» **WORK REQUIRED**
Nothing outside the range is to be copied. From the entries below, reproduce exactly the lines starting at the one with "The NCI 360" and ending at the one with "Hello everyone, Luis", without pictures.

[Saved data entries]
++++
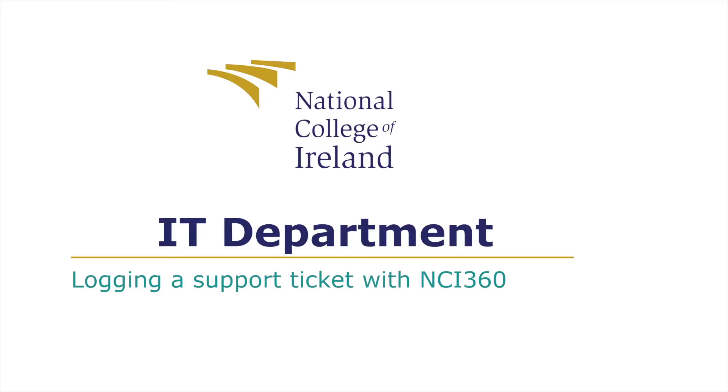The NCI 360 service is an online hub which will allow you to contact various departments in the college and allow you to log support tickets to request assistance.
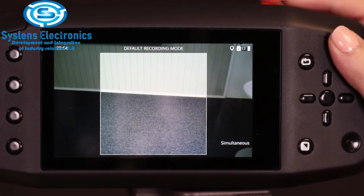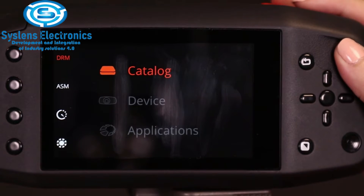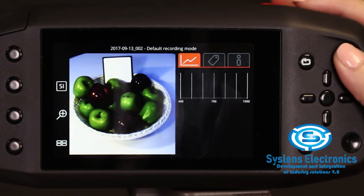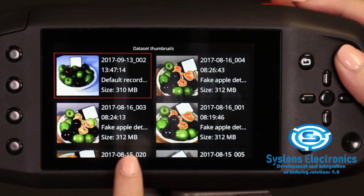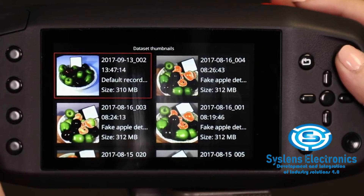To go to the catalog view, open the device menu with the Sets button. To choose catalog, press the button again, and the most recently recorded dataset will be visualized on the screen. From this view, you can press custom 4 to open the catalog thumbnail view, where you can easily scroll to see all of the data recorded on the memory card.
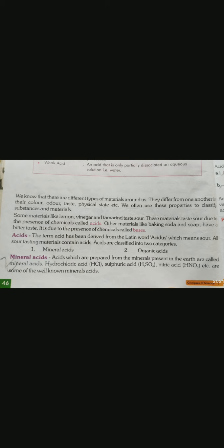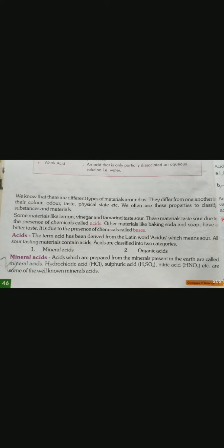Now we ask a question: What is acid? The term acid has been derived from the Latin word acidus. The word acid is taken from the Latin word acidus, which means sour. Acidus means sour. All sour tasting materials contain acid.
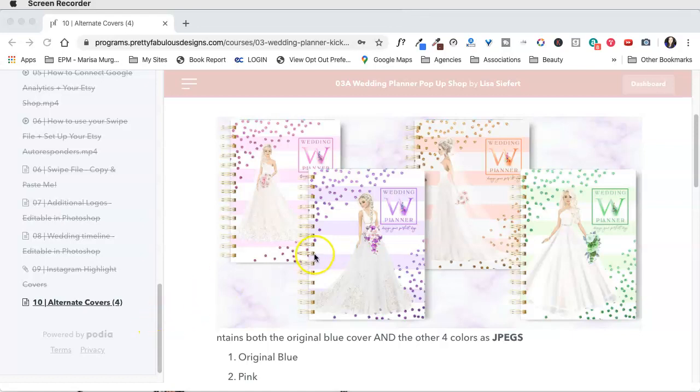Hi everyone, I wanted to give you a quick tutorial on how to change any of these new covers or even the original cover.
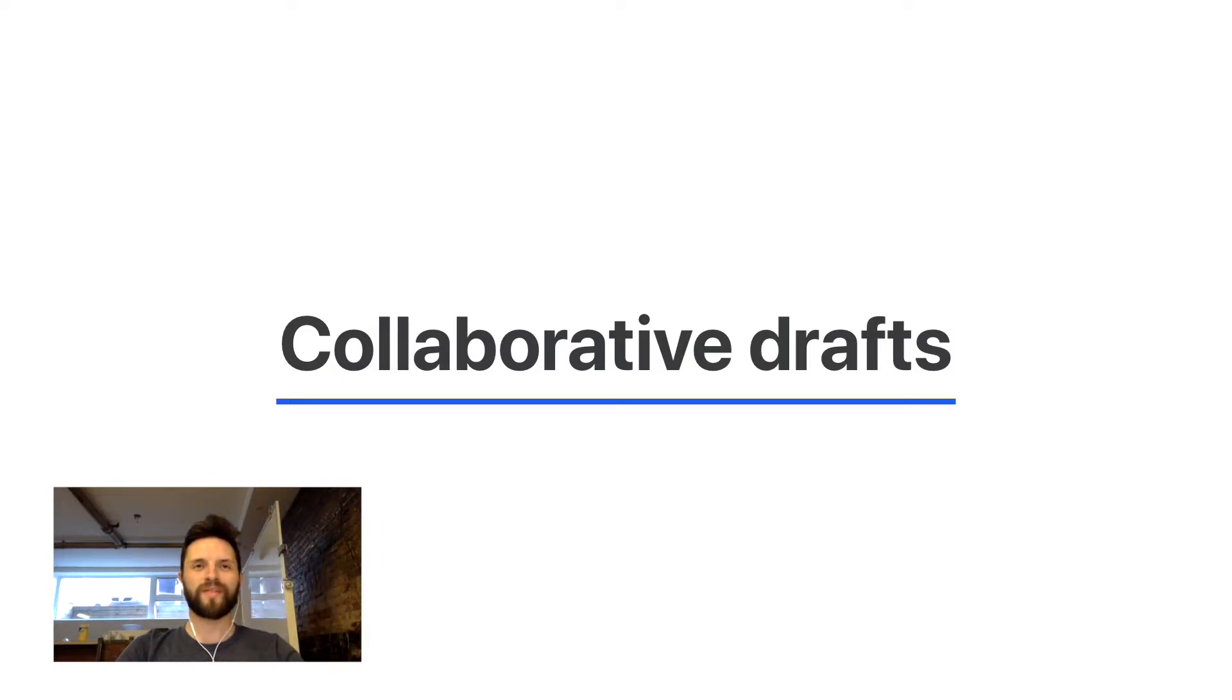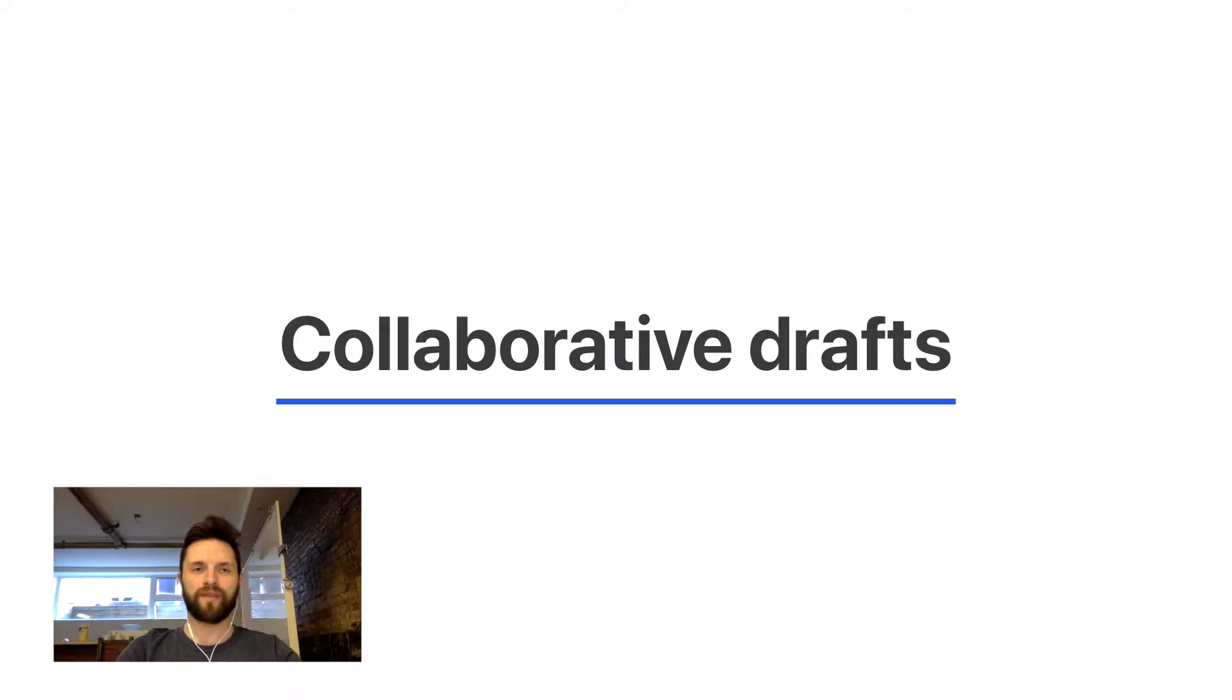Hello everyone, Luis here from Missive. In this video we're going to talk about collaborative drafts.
++++
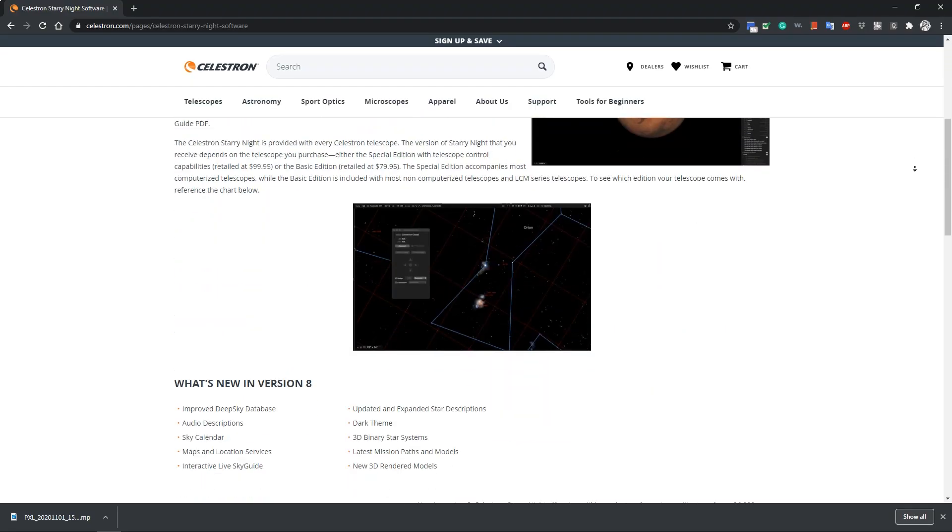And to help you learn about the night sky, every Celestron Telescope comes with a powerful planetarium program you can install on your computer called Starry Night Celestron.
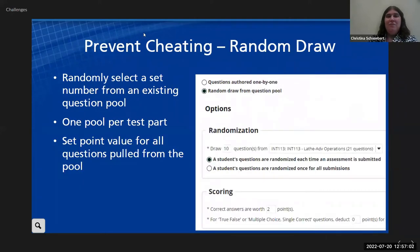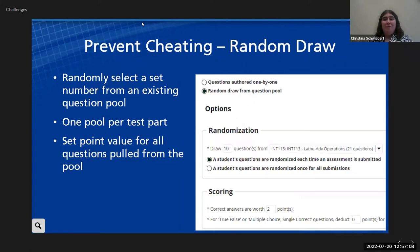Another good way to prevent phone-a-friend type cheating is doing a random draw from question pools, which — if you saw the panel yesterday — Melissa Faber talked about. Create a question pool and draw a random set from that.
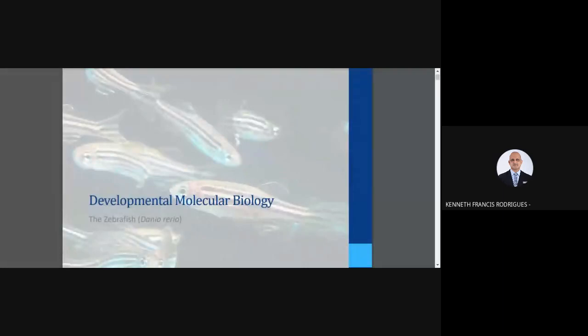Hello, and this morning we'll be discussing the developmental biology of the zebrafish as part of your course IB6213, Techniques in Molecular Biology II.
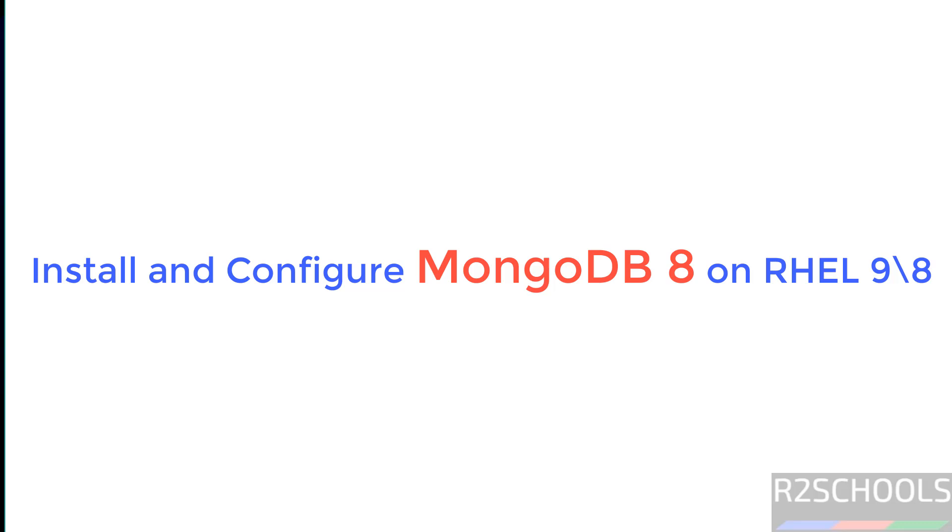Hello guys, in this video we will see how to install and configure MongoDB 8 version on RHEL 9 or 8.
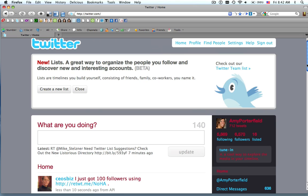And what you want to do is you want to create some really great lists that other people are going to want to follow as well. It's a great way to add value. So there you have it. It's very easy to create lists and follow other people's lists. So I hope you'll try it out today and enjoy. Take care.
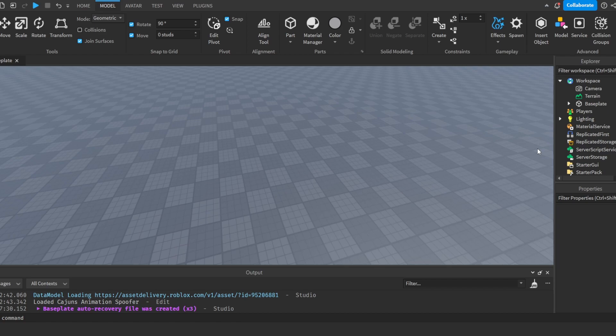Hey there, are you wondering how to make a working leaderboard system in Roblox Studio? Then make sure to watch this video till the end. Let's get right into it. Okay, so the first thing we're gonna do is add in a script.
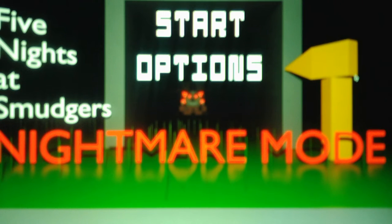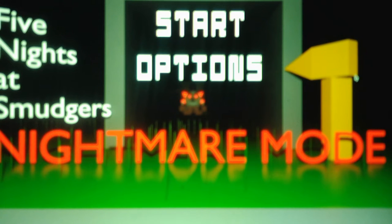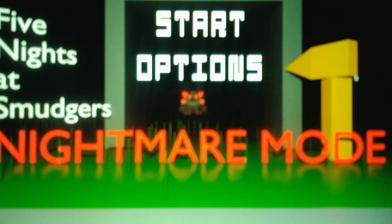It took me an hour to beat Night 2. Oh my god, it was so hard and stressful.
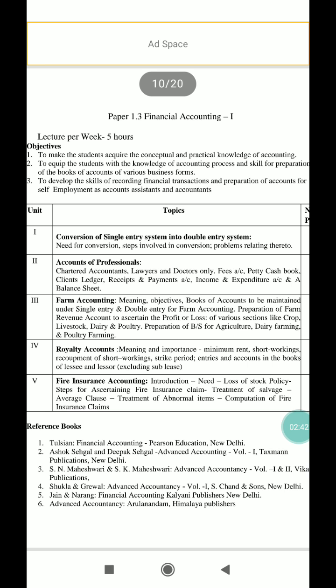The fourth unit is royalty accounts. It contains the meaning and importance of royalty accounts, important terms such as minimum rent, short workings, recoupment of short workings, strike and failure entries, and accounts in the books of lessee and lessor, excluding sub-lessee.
++++
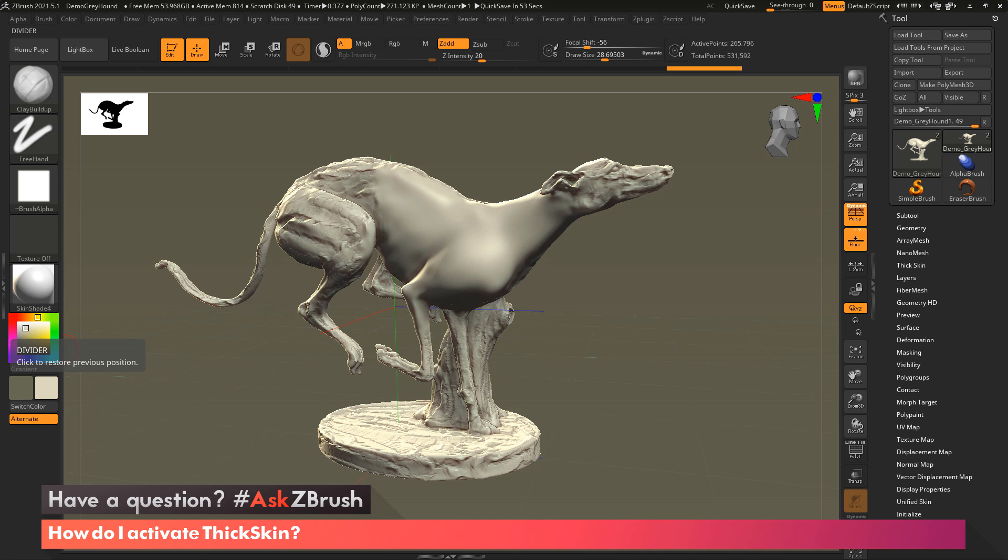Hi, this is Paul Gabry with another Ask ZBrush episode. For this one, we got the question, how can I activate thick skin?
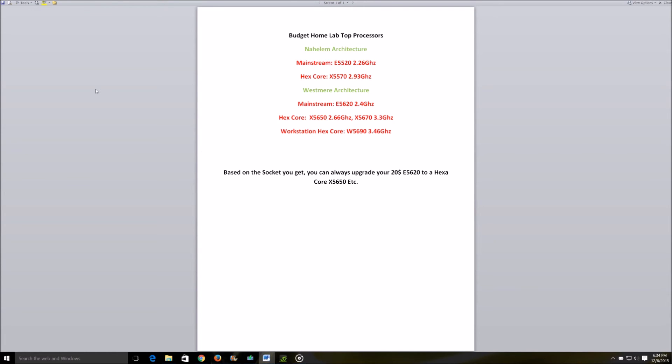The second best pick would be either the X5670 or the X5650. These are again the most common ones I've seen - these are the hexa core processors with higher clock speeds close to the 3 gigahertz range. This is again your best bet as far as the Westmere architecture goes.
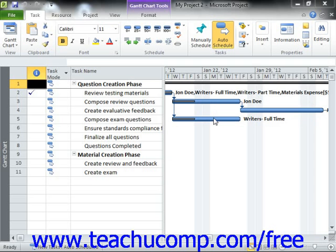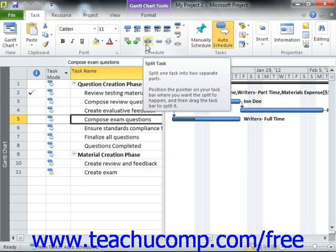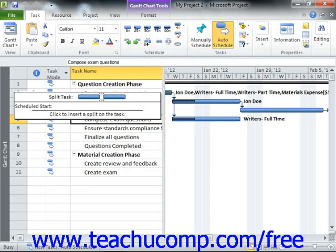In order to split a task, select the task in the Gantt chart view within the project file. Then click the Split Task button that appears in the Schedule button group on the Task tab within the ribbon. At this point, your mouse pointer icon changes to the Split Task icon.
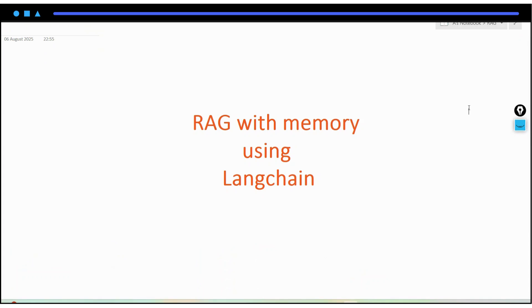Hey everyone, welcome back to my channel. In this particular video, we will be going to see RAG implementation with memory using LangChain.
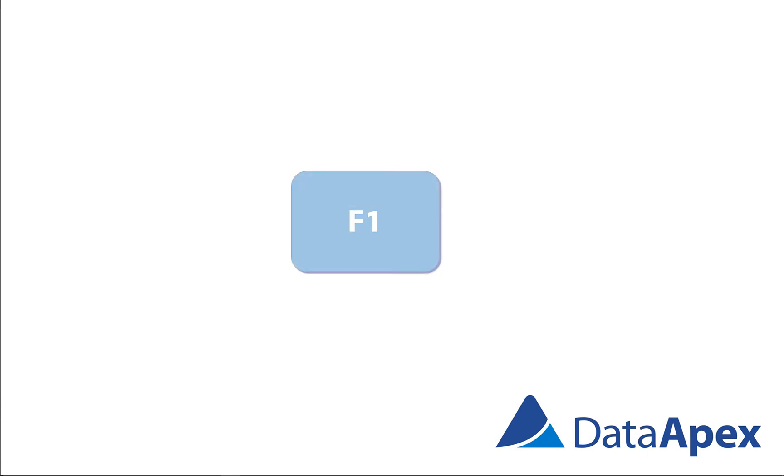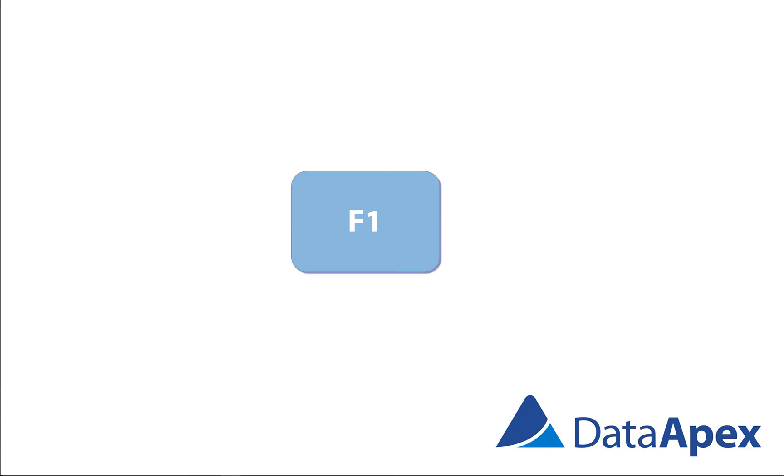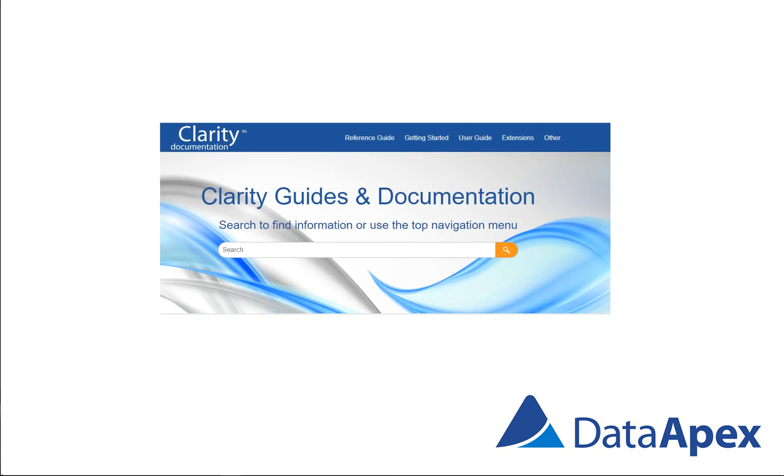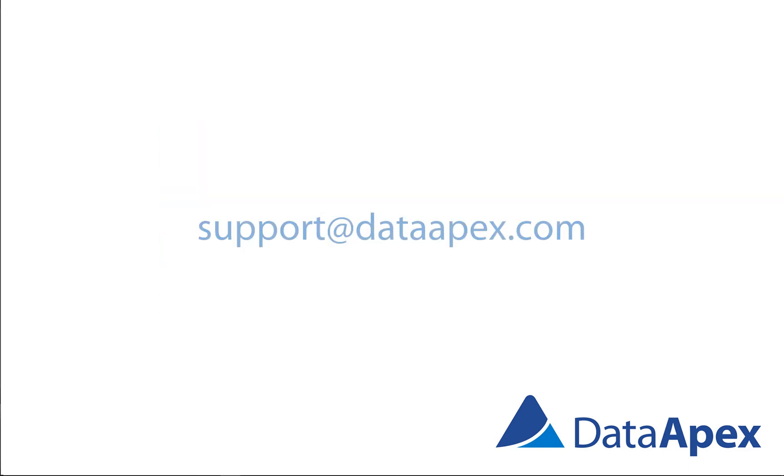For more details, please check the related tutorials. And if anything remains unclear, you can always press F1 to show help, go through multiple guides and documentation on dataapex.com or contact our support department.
++++
» **SOLUTION BELOW**
The NCI 360 service is an online hub which will allow you to contact various departments in the college and allow you to log support tickets to request assistance.
To go to the catalog view, open the device menu with the Sets button. To choose catalog, press the button again, and the most recently recorded dataset will be visualized on the screen. From this view, you can press custom 4 to open the catalog thumbnail view, where you can easily scroll to see all of the data recorded on the memory card.
Now we ask a question: What is acid? The term acid has been derived from the Latin word acidus. The word acid is taken from the Latin word acidus, which means sour. Acidus means sour. All sour tasting materials contain acid.
Hi everyone, I wanted to give you a quick tutorial on how to change any of these new covers or even the original cover.
Hello everyone, Luis here from Missive. In this video we're going to talk about collaborative drafts.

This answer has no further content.